You get a lot of former football figures who fade into the woodwork.
After their time is up in the game, they take lesser roles or leave the sport completely.
Former Real Madrid player, manager and director general Jorge Valdano is an example.
After he left the club for good, sacked in 2011, he's been on the outskirts of football.
But occasionally he sticks his head above the parapet and comes out with a remark to remind us all that he's still here.
Valdano has spoken about Madrid star Gareth Bale. He has claimed that the Welshman is anxious, distracted, downcast and frequently rescued by his team-mates.
He said, as reported by ESPN:
Bale has a strange anxiety because you do not notice it in the intensity of play. When someone is anxious, they play at a speed above what suits them, but it is like he is somewhere else. That is the strange sensation you get from him. The team are saving him. There are so many points to consider, among them Jese who is drawing so much attention. I suppose it comes from his lack of regular games and the injuries. And also from being so closely observed because of what was paid for him. We have not yet seen the true Bale. You see he looks a bit unhappy at the moment. He looks a bit downcast.

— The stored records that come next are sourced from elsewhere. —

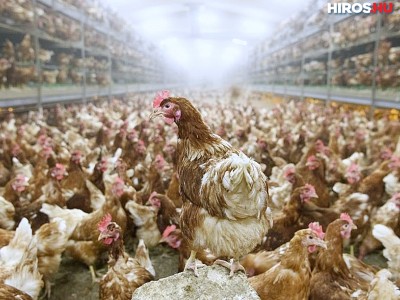 Több mint 200 állattartó telepen mutatták ki a madárinfluenzát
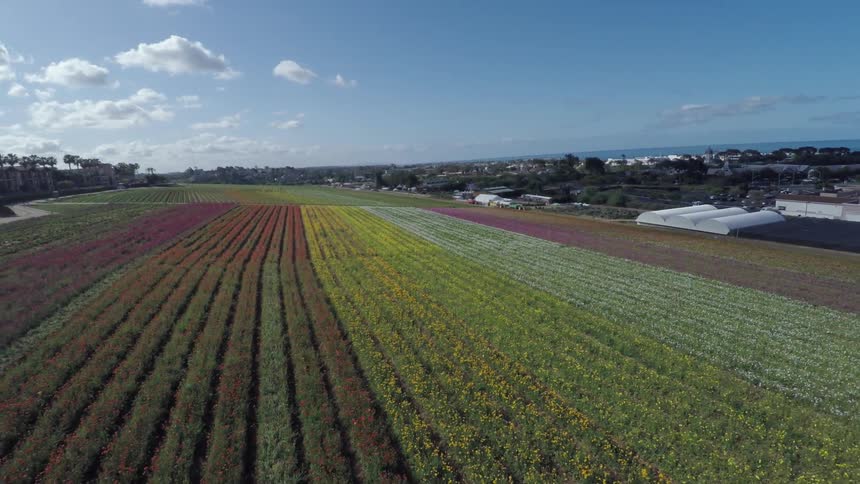 A field of tulips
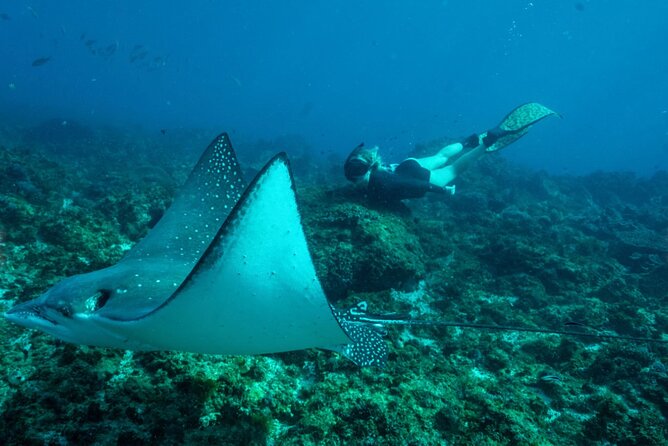 Julian Rocks: Premier Snorkeling Tour Byron Bay - The value of the $92.52 price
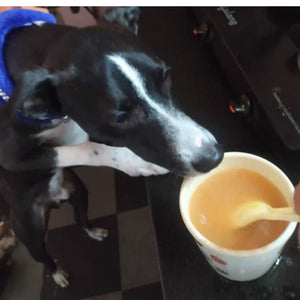 Doggos Instant Chicken Bone Broth for Dogs and Cats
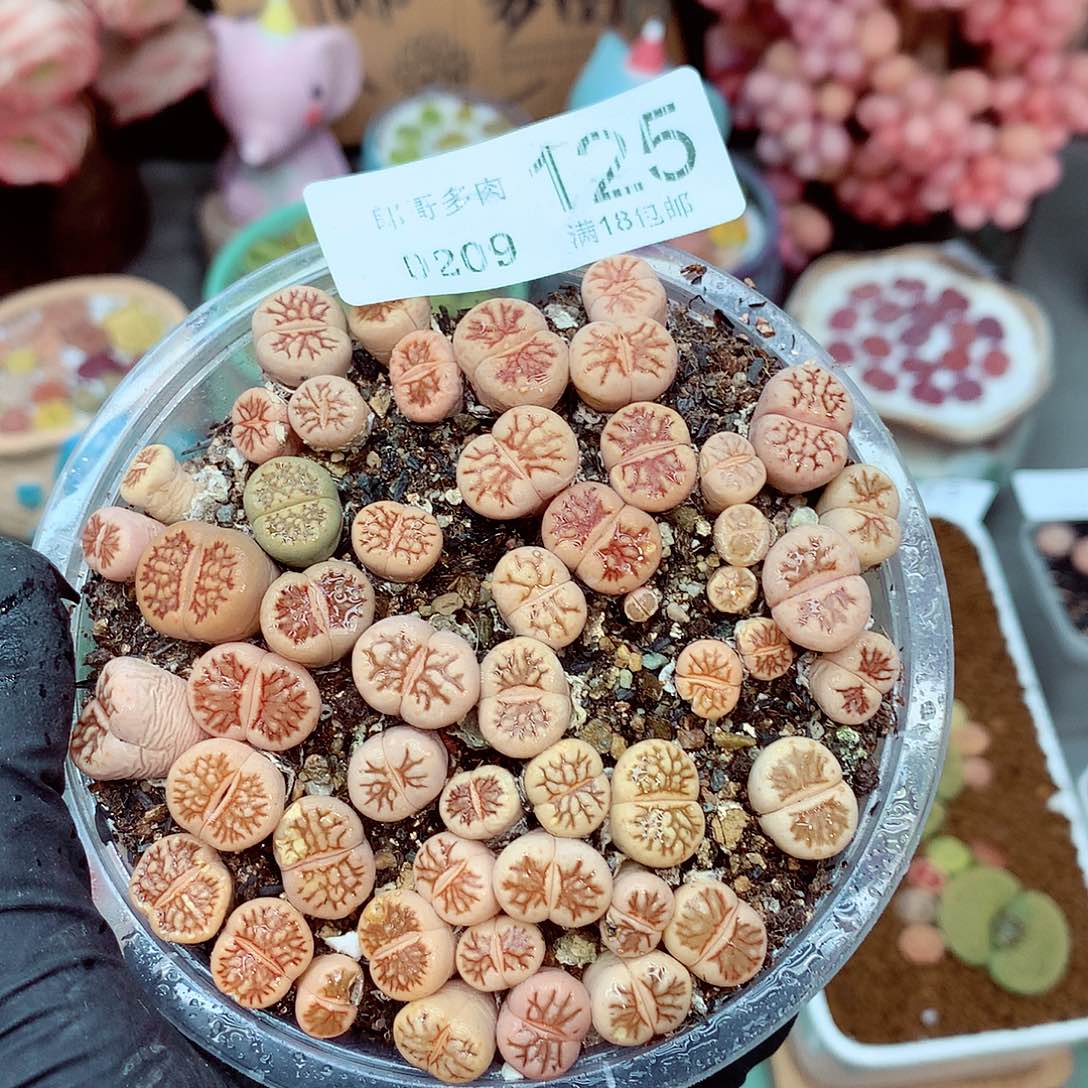 生石花满18包邮9-125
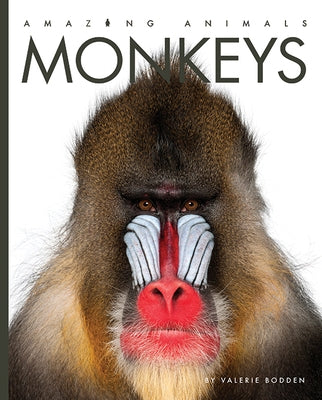 Monkeys by Bodden, Valerie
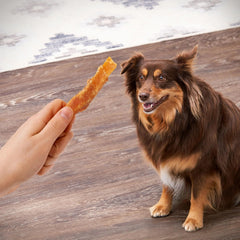 Generic Golden Rewards grain-free dog treats support weight-conscious diets.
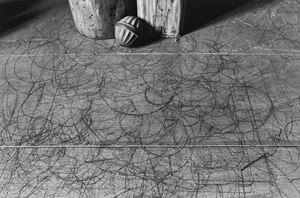 Lo studio di Morandi, Bologna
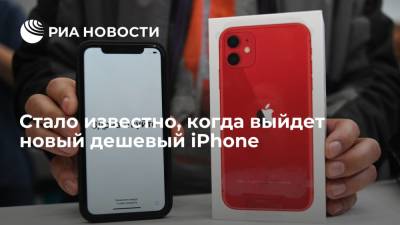 Apple Iphone - Стало известно, когда выйдет новый дешевый iPhone - ria.ru - Москва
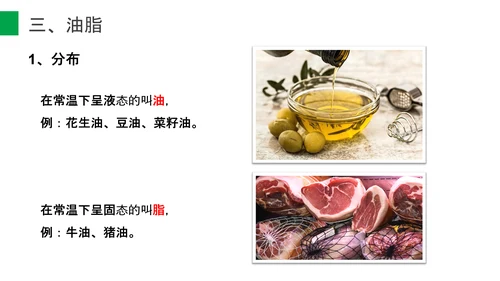 营养学营养物质研究初高中生物PPT课件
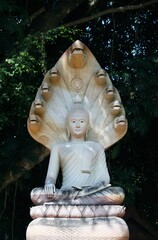 Temple Area of Wat Pa Dara Phirom &ndash; Thailand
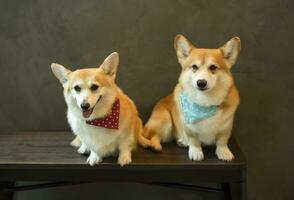 portrait Pembroke Welsh Corgi, adorable Welsh Corgi lying on chair photo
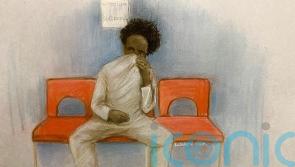 Southport killer spoke in court for first time to enter guilty pleas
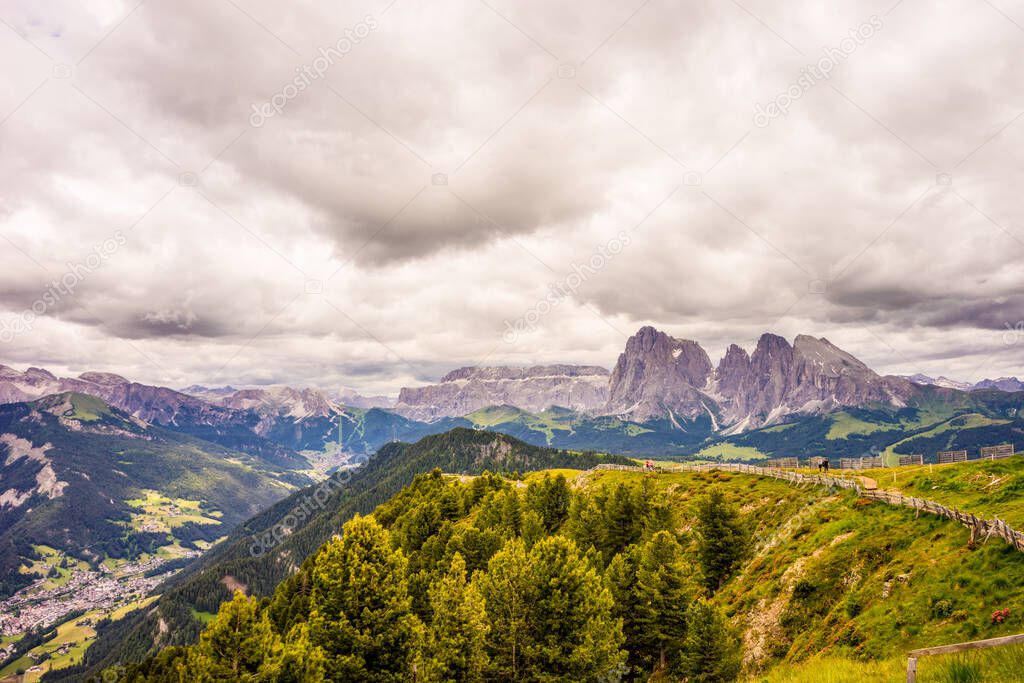 Italy, Alpe di Siusi, Seiser Alm with Sassolungo Langkofel Dolomite, a large mountain in the background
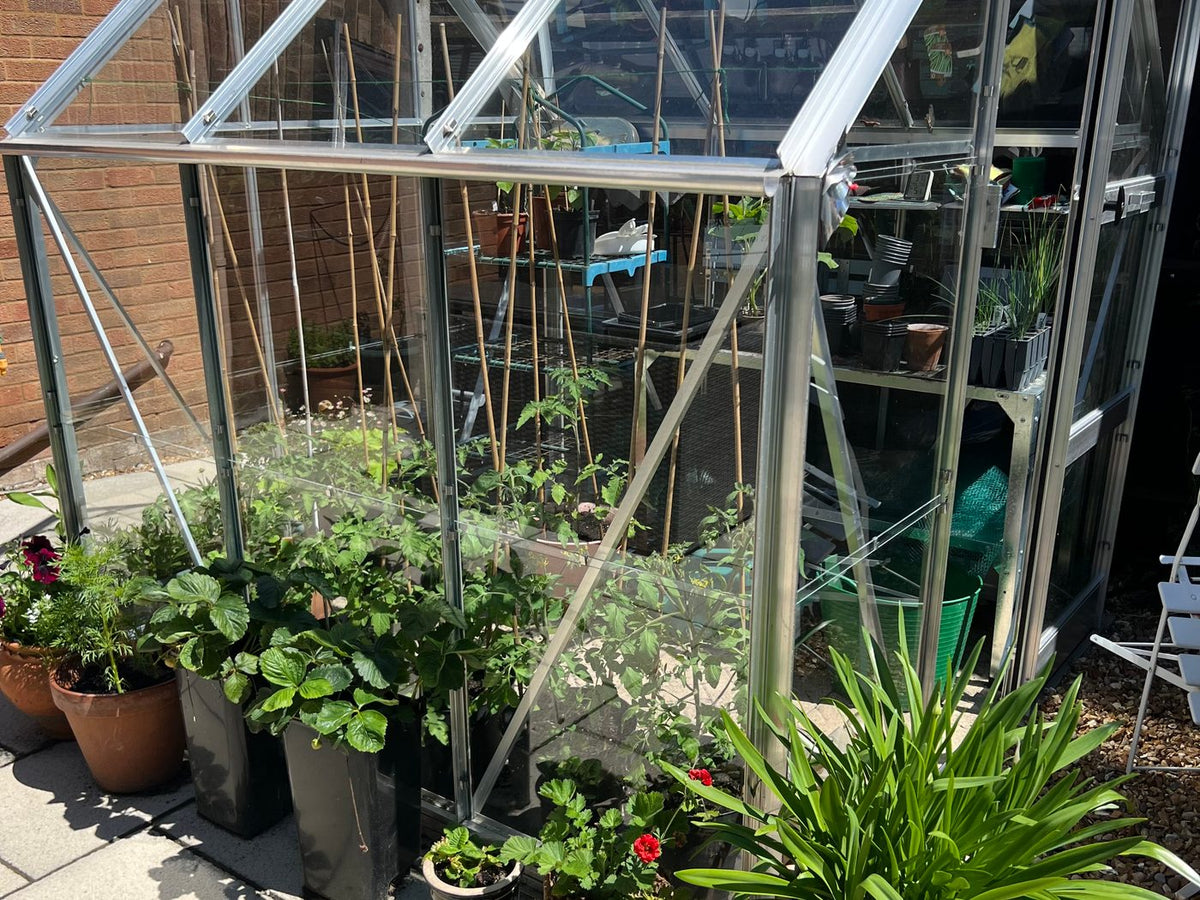 Elite Craftsman Greenhouse – customer installation, Whitstable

His comments are reminiscent of those from former Barcelona assistant coach Angel Cappa about Lionel Messi. Cappa had told La Xarxa, as we reported: "I couldn’t understand how a player could play football so dispassionately.
"And especially him, because if we look at a game of his from three or four years ago, there was that craziness, that passion that he had for playing."
Both men knew they would make headlines by critcising two of the most famous players in the world.
But if we are to take Valdano's claims about Bale at face value, ignoring the idea that he spoke about Bale purely to gain some attention, then he is still wrong, for the most part.
Carlo Ancelotti’s world-record signing is by no means in his very best form, but it’s part of a natural adjustment curve that most players take when moving to a new league.
The Mirror have Bale down as scoring 11 and assisting 10 goals in his 25 Real Madrid appearances, which, even if he’s not been at his finest, is still an admirable total.
Valdano, who played 120 times for Madrid, knows what it takes to become a Los Blancos star and his praise of Jese is fair.
The young Spanish striker has eased some of the pressure on the side, helping to cover Cristiano Ronaldo’s absence through suspension.
He has scored four La Liga goals in his last seven matches, compared to Bale’s two.
But Real Madrid’s form has been good since the turn of the year, and Bale has been pulling his weight as part of the side.
To say that the 24-year-old is being carried by the team simply doesn’t level with the performances we are seeing.
That said, in the club’s 3-0 win against Getafe last week, Bale did not play well, and manager Carlo Ancelotti admitted that the £86 million man lacked “quality,” but had “quantity,” as reported by Marca.
To use that game as a barometer for how he’s fared so far would be harsh, and it would be a knee-jerk reaction to lambast him for it.
The biggest problem Bale has had since arriving in Spain are his injuries.
Bale has, according to the International Business Times, suffered five injuries since joining, which has led to him missing 12 games.
However, if he can keep clear of any more knocks, he could be in for an excellent end to the season given the amount of rest he has had.
Valdano is right in that La Liga is yet to see the very best of Bale, but he’s not doing the Welshman justice with his verdict.